Desde hace poco más de diez años que tengo la oportunidad de escribir para este gran diario, he referido en innumerables ocasiones
a la obligación primigenia, fundamental y fundacional del Estado para brindar seguridad a las personas que lo conforman.
En síntesis: la seguridad es motivo de creación y permanencia del Estado; si deja de cumplir con esta función, independientemente de la razón que imponga para ello, deja de ser un mecanismo útil para la gente y, por el contrario, al no hacerlo, es un instrumento de sometimiento que carece de legitimidad alguna y, por el contrario, somete la libertad de las personas sin que para ello exista algún fin valioso. Podrá ser el “ogro filantrópico” como lo calificaba Octavio Paz, o bien el “estado policía” del que los de la escuela del nuevo liberalismo escribieron prolíferamente, en todos los casos, la única obligación que prevalece es, precisamente brindar seguridad a la gente.
Ahora bien, en la década que tengo de poder compartir con ustedes reflexiones semanales sobre diversos temas, muchos de ellos sumamente generales y otros más específicos, la seguridad ha sido uno recurrente, en el que he dado cuenta sobre mi percepción de esta situación en nuestro querido México.

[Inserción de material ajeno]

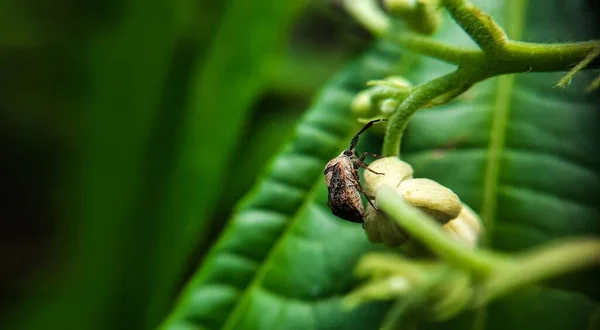 Closeup True Bug Bright Green Leaf — Stock Photo, Image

Me tocó ser sumamente crítico con respecto a la estrategia de confrontación directa en el sexenio encabezado por Felipe Calderón; de igual manera, lo fui con la continuación de esta en el de Peña Nieto y en esta administración he procurado mayor mesura, pues, de alguna manera, implicó un cambio radical en la estrategia de seguridad, sin embargo, la realidad avasalla cualquier consideración que pudiera existir.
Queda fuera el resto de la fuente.